Welcome to mapoid.com on July 9 2009.
This is an internet experiment running to monitor browsing habbits of individuals through wikipedia contents.

Serializability

From Wikipedia, the free encyclopedia

Jump to: navigation, search

In databases and transaction processing, a transaction schedule (history) is serializable, has the Serializability property, if its outcome (the resulting database state, the values of the database's data) is equal to the outcome of its transactions executed serially, i.e., sequentially without overlapping in time. Transactions are normally executed concurrently (they overlap), since this is the most efficient way. Serializability is the major correctness criterion for concurrent transactions' executions. It is considered the highest level of isolation between transactions, and plays an essential role in concurrency control. As such it is supported in all general purpose database systems.

Contents

[edit] Correctness

[edit] Correctness - serializability

For this discussion a database transaction is a specific intended run (with specific parameters, e.g., with transaction identification, at least) of a computer program (or programs) that accesses a database (or databases). Such a program is written with the assumption that it is running in isolation from other executing programs, i.e., when running, its accessed data are not changed by other running programs. Without this assumption the transaction's results are unpredictable and can be wrong. A same transaction can be executed in different situations, e.g., in different times, in parallel with different programs. Serializability of a schedule - i.e., equivalence (in the outcome, the database state, data values) to a serial schedule with the same transactions - is the major criterion for the correctness of concurrent transactions' schedule, and is supported in all general purpose database systems.

The rationale behind serializability is the following:

If each transaction is correct by itself, then a schedule that comprises any serial execution of these transactions is correct (no transaction overlap in time, i.e, a complete isolation between each other; any order of the transactions is legitimate).

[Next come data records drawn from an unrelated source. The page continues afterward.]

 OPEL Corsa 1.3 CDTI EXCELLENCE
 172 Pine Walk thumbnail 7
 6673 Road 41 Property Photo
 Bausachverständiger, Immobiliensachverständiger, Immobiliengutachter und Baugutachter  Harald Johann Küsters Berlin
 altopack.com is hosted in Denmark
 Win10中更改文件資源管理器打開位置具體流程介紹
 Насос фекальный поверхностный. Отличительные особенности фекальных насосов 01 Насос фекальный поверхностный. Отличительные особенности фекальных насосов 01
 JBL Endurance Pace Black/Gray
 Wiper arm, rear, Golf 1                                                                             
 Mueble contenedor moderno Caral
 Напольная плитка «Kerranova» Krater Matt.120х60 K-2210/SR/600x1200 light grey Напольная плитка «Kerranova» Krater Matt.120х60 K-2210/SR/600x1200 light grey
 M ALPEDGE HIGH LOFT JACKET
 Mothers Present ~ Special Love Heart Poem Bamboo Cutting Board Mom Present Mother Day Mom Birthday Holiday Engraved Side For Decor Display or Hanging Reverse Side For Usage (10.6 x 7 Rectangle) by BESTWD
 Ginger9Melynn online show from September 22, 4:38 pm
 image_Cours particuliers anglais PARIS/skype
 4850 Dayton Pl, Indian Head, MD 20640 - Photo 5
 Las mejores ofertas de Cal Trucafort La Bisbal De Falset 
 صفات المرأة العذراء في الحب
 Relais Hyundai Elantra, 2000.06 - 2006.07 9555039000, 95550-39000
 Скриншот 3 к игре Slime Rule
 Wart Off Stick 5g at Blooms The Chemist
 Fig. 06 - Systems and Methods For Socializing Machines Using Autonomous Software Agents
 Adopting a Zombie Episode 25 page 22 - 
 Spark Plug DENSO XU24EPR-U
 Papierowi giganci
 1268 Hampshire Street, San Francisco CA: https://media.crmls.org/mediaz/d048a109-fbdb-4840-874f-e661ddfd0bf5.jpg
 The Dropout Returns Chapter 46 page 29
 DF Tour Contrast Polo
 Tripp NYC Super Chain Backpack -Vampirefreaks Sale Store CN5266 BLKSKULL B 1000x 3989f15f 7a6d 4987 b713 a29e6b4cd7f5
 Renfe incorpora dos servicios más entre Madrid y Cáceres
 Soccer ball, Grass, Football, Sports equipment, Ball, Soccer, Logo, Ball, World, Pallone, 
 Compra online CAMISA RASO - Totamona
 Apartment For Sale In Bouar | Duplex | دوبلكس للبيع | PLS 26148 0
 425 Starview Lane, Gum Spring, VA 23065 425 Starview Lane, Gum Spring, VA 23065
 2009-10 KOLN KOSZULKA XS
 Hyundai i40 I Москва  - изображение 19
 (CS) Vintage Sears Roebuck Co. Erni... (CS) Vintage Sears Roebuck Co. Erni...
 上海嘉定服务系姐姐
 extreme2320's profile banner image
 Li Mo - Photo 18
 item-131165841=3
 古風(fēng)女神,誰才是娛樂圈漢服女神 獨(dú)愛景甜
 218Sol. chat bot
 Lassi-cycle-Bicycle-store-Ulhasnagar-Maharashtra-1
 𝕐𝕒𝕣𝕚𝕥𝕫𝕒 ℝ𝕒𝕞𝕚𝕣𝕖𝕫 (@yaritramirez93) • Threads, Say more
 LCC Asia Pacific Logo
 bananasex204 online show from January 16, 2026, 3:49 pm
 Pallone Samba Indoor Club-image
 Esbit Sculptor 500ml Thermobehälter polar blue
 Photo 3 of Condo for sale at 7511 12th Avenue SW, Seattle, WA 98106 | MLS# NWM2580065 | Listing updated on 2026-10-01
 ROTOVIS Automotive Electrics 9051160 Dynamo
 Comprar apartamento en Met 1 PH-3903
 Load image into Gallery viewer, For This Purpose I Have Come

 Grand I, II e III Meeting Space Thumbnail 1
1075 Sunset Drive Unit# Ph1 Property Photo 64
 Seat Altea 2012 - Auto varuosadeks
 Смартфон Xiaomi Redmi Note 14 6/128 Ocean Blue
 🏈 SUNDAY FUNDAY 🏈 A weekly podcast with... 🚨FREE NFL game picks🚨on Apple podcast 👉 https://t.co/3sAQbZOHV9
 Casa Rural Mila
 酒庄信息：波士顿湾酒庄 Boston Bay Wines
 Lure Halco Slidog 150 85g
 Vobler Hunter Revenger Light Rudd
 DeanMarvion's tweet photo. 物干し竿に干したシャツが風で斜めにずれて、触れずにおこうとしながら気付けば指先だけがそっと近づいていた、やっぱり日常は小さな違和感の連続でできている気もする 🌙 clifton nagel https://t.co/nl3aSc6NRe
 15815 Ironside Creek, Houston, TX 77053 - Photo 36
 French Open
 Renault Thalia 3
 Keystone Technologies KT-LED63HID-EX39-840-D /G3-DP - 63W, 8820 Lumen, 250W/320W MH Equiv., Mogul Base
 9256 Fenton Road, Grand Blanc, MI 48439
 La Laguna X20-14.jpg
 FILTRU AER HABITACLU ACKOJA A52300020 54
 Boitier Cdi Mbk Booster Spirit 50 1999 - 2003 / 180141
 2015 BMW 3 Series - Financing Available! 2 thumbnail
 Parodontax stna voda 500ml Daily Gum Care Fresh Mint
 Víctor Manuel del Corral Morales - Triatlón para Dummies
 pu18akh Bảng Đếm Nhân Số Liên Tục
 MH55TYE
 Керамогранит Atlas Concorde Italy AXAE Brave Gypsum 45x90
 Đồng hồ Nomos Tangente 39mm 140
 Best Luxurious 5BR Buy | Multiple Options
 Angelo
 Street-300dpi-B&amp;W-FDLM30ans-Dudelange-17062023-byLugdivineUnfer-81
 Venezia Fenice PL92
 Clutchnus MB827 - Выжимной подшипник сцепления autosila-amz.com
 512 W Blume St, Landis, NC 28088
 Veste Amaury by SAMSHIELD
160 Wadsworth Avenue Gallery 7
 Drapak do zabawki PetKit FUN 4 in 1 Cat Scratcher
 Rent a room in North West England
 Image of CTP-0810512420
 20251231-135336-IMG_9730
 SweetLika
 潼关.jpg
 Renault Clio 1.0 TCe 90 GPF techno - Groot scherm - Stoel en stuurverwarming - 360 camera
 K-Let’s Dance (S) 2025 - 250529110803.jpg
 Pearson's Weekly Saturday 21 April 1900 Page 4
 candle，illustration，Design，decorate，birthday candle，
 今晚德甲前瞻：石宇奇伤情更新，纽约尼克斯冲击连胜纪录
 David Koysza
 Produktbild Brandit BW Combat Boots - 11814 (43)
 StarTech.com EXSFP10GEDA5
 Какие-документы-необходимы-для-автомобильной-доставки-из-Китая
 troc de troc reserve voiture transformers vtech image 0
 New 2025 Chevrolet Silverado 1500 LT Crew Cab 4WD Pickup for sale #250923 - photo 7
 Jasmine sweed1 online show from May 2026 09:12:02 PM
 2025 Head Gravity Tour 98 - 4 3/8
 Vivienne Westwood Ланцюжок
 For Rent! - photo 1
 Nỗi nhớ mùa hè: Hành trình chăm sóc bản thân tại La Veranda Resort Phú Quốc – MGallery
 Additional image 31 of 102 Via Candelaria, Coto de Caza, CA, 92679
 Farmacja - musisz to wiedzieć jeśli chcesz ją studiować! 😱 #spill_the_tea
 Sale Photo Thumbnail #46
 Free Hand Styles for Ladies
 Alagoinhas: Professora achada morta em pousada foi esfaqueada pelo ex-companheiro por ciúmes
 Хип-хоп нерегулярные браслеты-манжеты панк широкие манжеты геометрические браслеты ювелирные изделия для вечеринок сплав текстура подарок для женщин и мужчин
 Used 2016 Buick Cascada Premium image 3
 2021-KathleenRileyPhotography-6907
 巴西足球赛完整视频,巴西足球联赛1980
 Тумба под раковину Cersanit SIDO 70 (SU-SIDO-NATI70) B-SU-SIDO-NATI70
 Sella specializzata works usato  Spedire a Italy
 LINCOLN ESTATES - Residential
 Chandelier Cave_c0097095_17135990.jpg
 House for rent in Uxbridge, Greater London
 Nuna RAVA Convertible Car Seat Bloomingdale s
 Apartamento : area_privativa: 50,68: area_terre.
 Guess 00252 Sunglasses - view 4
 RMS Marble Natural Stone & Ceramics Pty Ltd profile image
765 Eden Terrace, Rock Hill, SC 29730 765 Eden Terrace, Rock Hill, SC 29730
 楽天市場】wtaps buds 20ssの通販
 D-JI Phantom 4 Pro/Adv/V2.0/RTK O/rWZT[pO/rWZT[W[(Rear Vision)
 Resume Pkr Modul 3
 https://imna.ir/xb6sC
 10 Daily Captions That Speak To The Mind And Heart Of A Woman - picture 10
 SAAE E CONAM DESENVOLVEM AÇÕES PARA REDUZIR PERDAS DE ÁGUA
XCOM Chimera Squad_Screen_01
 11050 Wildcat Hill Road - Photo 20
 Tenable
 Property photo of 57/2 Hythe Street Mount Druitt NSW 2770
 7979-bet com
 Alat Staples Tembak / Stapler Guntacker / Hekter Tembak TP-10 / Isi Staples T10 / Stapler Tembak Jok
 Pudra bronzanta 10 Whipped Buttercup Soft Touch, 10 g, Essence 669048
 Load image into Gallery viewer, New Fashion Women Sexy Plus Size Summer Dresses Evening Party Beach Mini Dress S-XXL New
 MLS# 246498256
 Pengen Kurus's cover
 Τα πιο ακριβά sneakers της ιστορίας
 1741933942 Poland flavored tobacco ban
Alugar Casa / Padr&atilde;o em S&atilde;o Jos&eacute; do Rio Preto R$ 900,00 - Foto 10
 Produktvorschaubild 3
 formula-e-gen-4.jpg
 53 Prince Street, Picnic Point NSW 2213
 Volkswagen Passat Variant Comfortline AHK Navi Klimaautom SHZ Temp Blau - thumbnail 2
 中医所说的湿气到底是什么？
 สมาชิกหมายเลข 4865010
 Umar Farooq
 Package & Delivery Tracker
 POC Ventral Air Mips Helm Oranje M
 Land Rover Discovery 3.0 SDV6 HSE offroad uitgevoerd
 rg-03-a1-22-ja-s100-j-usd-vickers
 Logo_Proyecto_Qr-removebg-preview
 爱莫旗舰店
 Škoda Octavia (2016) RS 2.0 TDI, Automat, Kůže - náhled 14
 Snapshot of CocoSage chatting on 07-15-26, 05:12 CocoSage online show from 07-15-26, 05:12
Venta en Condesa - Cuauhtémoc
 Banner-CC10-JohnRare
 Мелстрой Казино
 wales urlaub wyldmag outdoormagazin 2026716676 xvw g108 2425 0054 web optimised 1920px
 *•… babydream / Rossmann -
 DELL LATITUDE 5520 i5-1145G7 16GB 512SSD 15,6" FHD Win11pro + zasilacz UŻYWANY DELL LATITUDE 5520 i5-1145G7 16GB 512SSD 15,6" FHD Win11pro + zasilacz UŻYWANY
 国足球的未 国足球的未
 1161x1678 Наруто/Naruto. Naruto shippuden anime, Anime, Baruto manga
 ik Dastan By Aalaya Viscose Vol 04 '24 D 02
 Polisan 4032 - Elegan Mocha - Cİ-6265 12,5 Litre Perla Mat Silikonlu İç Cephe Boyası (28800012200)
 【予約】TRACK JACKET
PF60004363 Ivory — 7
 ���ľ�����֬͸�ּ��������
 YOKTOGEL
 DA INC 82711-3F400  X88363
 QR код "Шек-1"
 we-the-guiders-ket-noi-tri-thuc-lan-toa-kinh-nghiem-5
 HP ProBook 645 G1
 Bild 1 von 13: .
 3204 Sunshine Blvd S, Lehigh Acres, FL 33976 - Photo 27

As a result, a schedule that comprises any execution (not necessarily serial) that is equivalent (in its outcome) to a serial execution, is correct.

Schedules that are not serializable are likely to generate erroneous outcomes. Well known examples are with transactions that debit and credit accounts with money: If the related schedules are not serializable, then the total sum of money may not be preserved. Money could disappear, or be generated from nowhere. This and violations of possibly needed other invariant preservations are caused by one transaction writing, and "stepping on" and erasing what has been written by another transaction before it has become permanent in the database. It does not happen if serializability is maintained.

Comment: If any specific order between some transactions is requested by an application, then it is enforced independently of the underlying serializability mechanisms. These mechanisms are typically indifferent to any specific order, and generate some unpredictable partial order that is typically compatible with multiple serial orders of these transactions. This partial order results from the scheduling orders of concurrent transactions' data access operations, which depend on many factors.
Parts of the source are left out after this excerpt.